Curtail religious privileges, human rights body urges

Prominent human rights organisation Liberty Victoria has thrown out a challenge to an inquiry set up by Prime Minister Malcolm Turnbull.

In the wake of the overwhelming vote in favour of marriage equality, Mr Turnbull ordered a review to see whether Australian law "adequately protects" the human right to freedom of religion.

Liberty Victoria has turned this on its head by telling the inquiry that religious privileges are far too extensive and must be rolled back.

Jamie Gardiner, a Liberty vice-president, said today that such privileges are inconsistent with the freedom of religion because this freedom is based on equality, meaning equal treatment and no special advantages or disadvantages between religious bodies or people with no religion.

“A small number of deficiencies, such as the lack of Commonwealth legislation protecting employees from discrimination on the basis of religion, should be fixed by enacting a Human Rights Act or Charter,” he said.
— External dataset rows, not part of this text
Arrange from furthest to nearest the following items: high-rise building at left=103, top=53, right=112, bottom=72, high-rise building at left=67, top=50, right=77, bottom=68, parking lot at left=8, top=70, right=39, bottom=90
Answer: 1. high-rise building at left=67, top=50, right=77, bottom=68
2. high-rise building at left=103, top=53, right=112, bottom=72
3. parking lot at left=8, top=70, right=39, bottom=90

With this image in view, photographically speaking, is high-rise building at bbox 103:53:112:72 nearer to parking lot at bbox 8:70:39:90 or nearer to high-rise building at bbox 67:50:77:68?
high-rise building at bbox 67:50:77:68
The resounding success of marriage equality in the postal survey and the correspondingly emphatic public rejection of the numerous claims of the “no” campaign, together with the appalling revelations of the Royal Commission into Institutional Responses to Child Sexual Abuse, signal a new climate of public opinion in which the removal of unjustified religious privileges bears little political risk.

“Public opinion polls in recent years show most Australians favour removing religious privilege", said Mr Gardiner. 
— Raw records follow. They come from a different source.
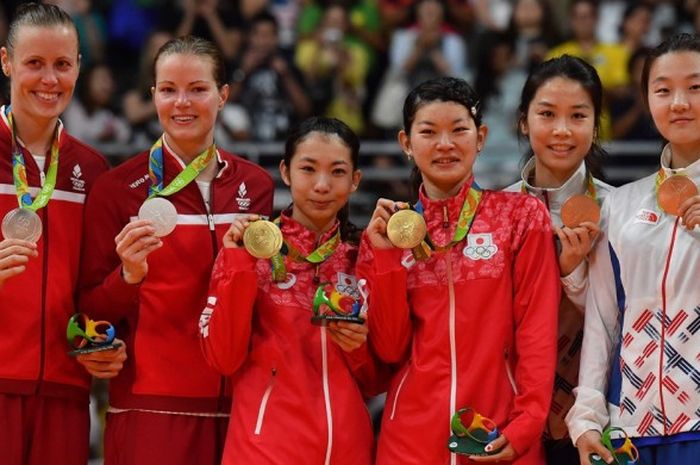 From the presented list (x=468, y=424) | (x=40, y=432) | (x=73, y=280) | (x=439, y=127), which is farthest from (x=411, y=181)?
(x=40, y=432)

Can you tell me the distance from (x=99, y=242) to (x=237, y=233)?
26.4 inches

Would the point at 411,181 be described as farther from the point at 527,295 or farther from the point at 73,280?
the point at 73,280

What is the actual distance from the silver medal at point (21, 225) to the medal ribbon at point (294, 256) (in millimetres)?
892

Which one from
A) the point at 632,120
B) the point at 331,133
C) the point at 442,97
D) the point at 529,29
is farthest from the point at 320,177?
the point at 529,29

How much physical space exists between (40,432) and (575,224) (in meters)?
2.19

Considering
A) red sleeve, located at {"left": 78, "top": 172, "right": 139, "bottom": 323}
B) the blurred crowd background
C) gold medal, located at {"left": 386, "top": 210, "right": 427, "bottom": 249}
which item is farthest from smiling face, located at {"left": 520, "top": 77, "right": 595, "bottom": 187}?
the blurred crowd background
For religions, these include:

  • exemptions from rates and taxes,
  • exemptions from anti-discrimination laws,
  • freedom from scrutiny and accountability,
  • privileged treatment under charity laws, and
  • undue and disproportionate political influence.

“These are clear privileges that cannot be justified and so must be repealed," he said.
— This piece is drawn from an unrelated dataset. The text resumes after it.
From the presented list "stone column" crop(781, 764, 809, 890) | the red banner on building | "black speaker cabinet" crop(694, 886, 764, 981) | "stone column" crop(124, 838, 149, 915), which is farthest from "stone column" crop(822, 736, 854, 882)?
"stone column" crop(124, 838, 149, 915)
"Liberty calls for an end to the school chaplains program, with its funds moved to professional psychological and counselling support to students and teachers according to need."

It also wants an end to 'Special Religious Instruction' by agents of particular religions in public schools and schools which receive any form of Commonwealth funding, direct or indirect, said Mr Gardiner. “If a school includes religious materials in its teaching it must be only by qualified teachers and fairly include non-partisan reference to the many religions in or relevant to Australia, including the existence of non-religious ways of being.”